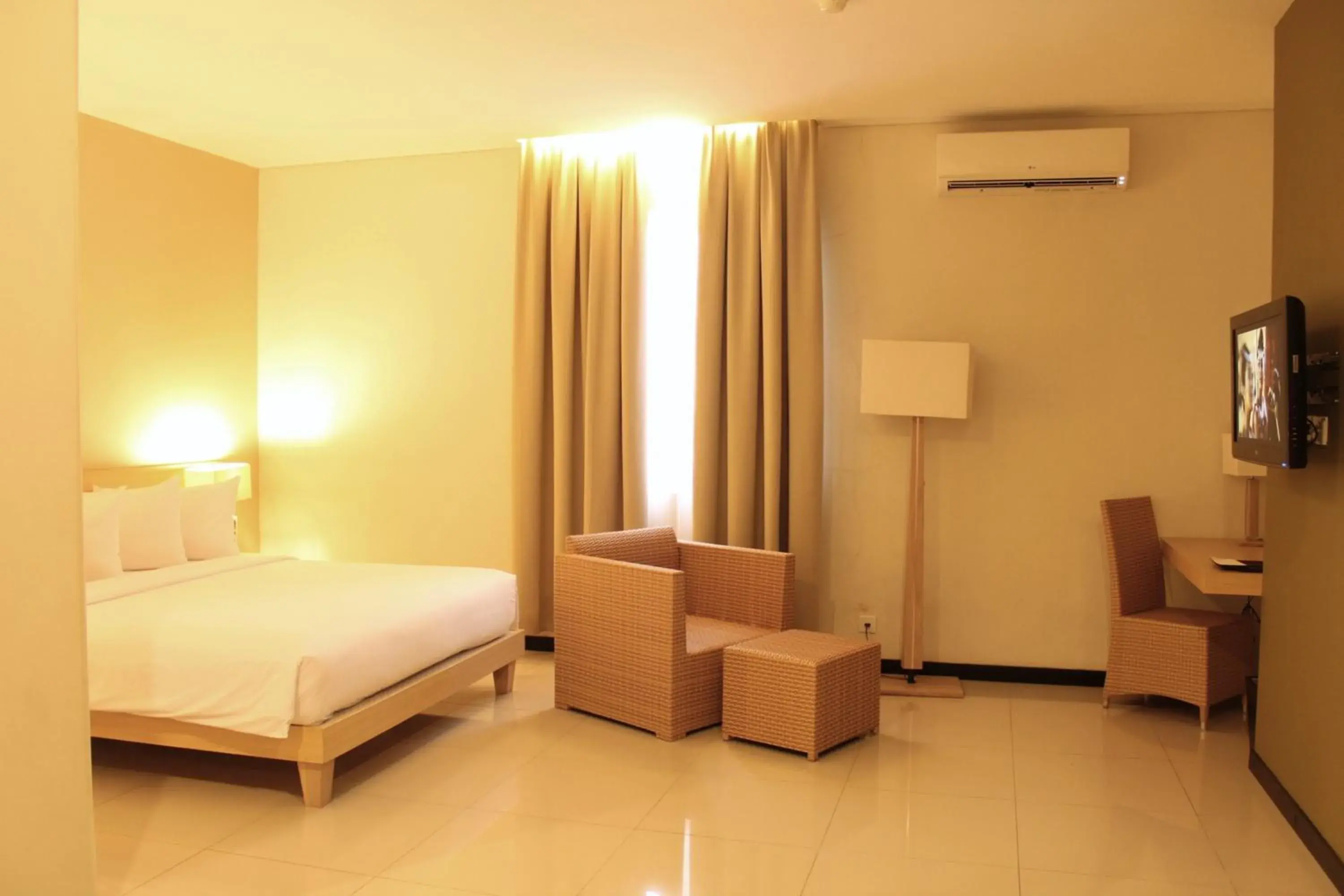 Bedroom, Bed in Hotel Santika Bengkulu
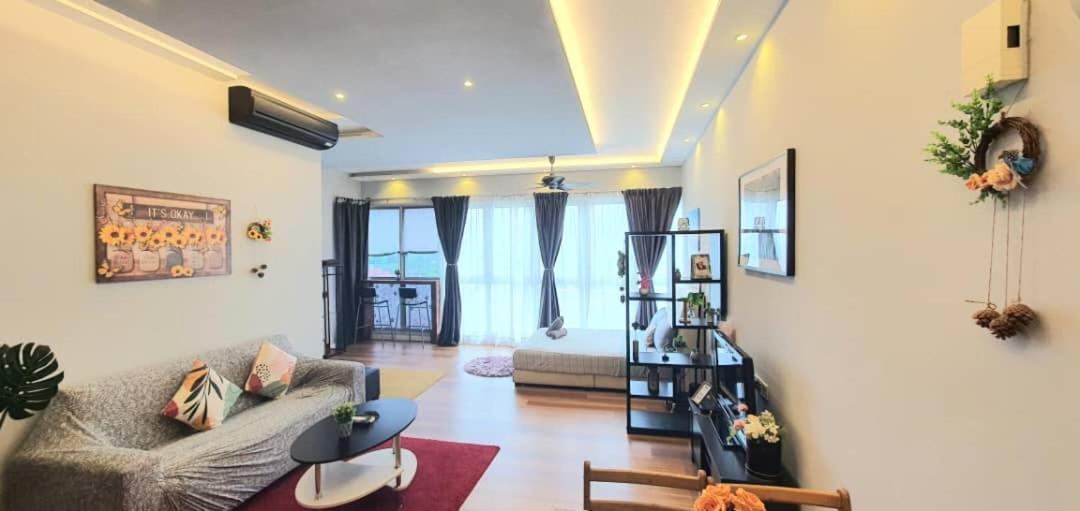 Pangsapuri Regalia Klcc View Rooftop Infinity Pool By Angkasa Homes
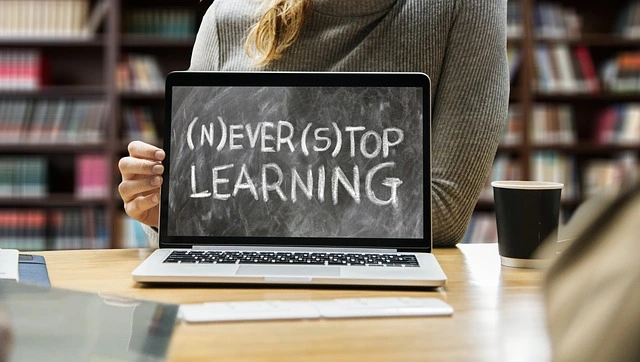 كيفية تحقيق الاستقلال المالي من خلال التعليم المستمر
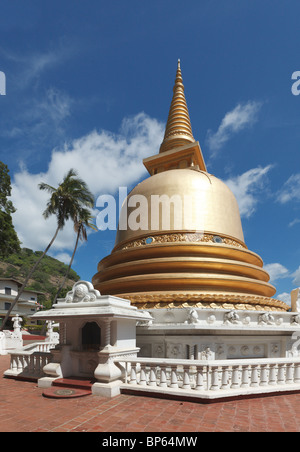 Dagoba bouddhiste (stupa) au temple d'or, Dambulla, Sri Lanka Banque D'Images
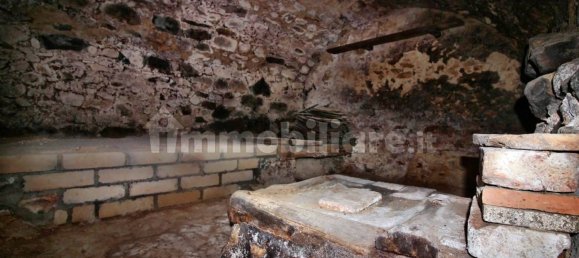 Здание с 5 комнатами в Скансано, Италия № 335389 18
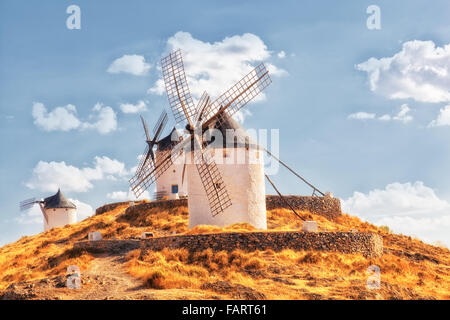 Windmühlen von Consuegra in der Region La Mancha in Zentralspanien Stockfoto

...

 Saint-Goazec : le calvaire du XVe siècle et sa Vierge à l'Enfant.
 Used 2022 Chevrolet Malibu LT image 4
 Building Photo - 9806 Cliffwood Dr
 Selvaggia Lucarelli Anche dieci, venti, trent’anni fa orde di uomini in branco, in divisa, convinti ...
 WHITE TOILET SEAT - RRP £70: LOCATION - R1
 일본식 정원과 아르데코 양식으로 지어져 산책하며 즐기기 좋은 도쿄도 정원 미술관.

...

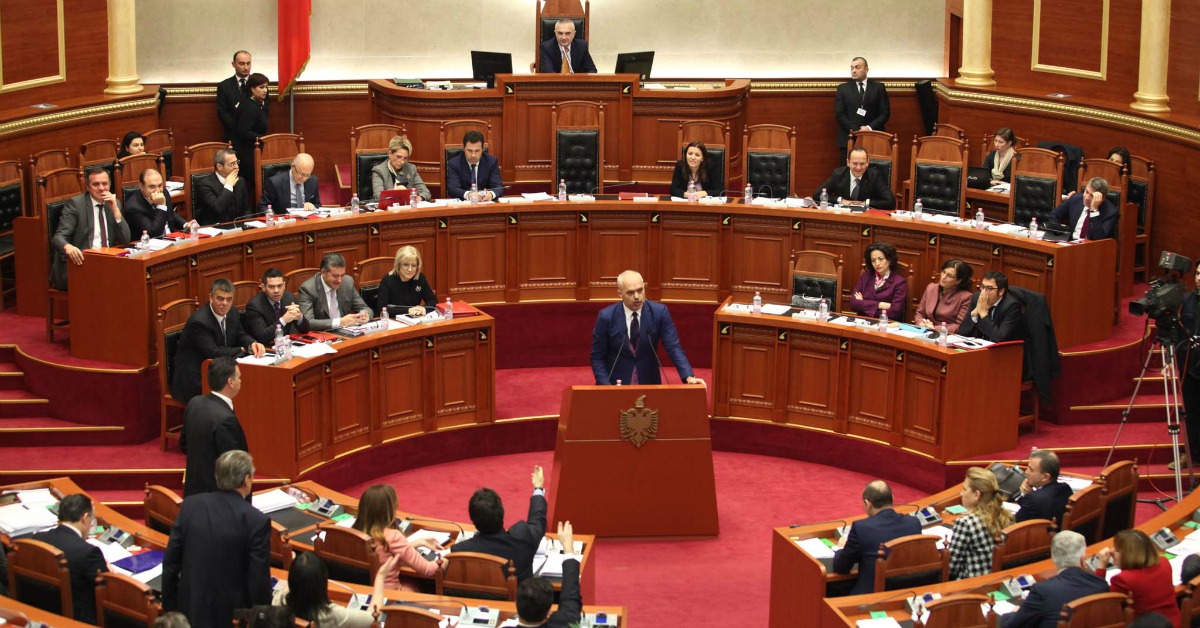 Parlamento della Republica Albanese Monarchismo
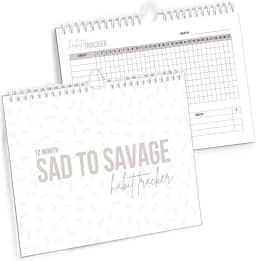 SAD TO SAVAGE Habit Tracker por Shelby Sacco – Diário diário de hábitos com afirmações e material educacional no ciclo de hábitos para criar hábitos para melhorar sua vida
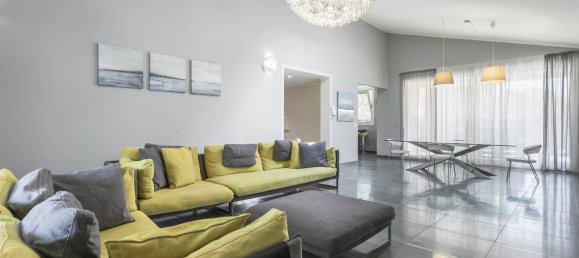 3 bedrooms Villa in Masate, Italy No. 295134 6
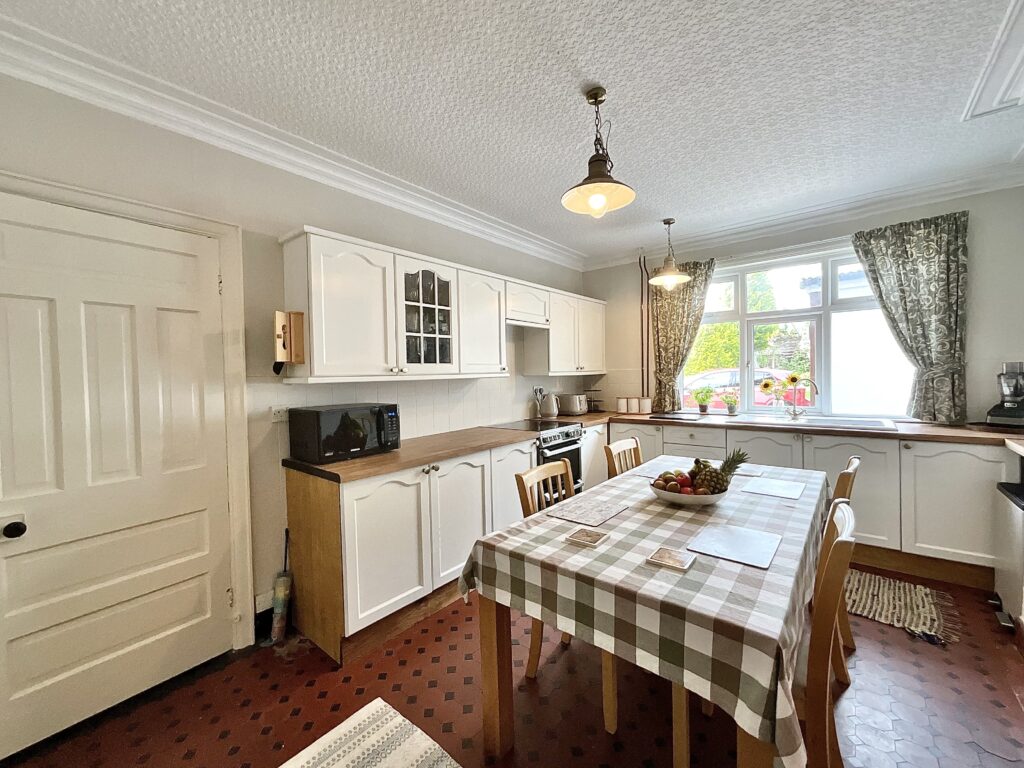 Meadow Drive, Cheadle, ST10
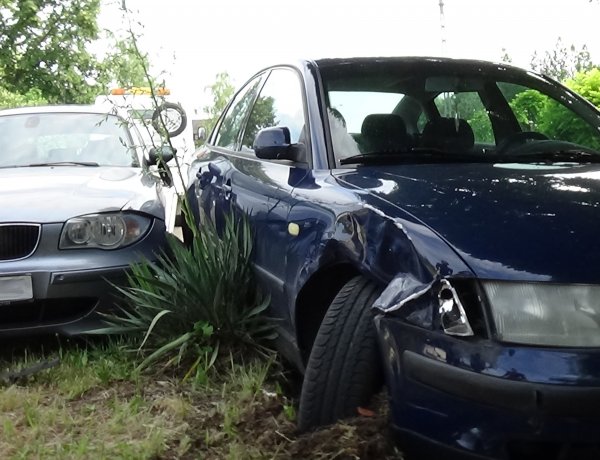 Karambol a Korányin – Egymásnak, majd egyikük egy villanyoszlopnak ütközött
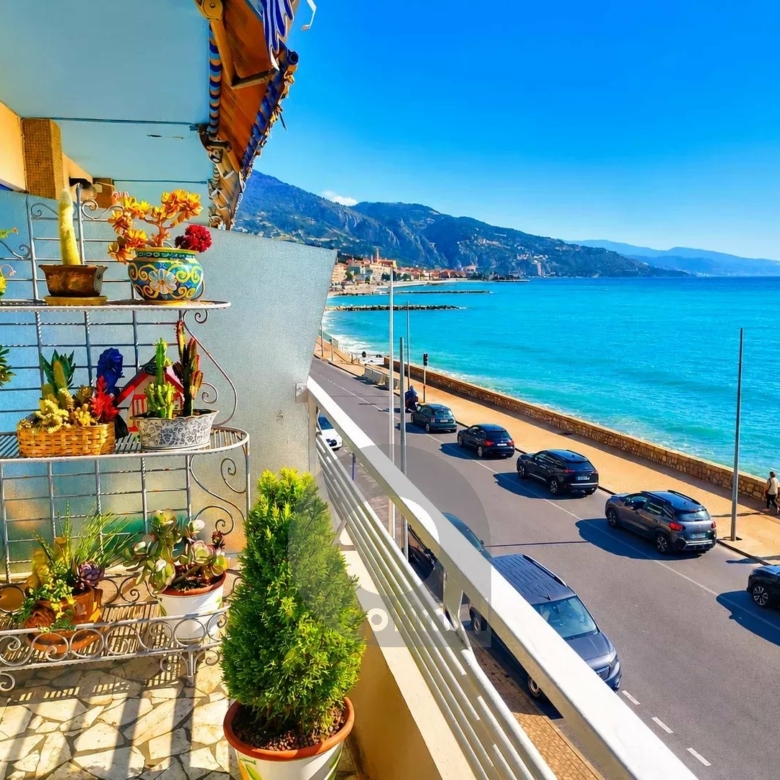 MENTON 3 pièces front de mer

§ **Task item**: Only one stretch of the entries above is wanted: the lines from the one containing "WHITE TOILET SEAT - RRP £70: LOCATION - R1" through the one containing "일본식 정원과 아르데코". Please reproduce it exactly.

§ **Exercise answer**:
 WHITE TOILET SEAT - RRP £70: LOCATION - R1
 일본식 정원과 아르데코 양식으로 지어져 산책하며 즐기기 좋은 도쿄도 정원 미술관.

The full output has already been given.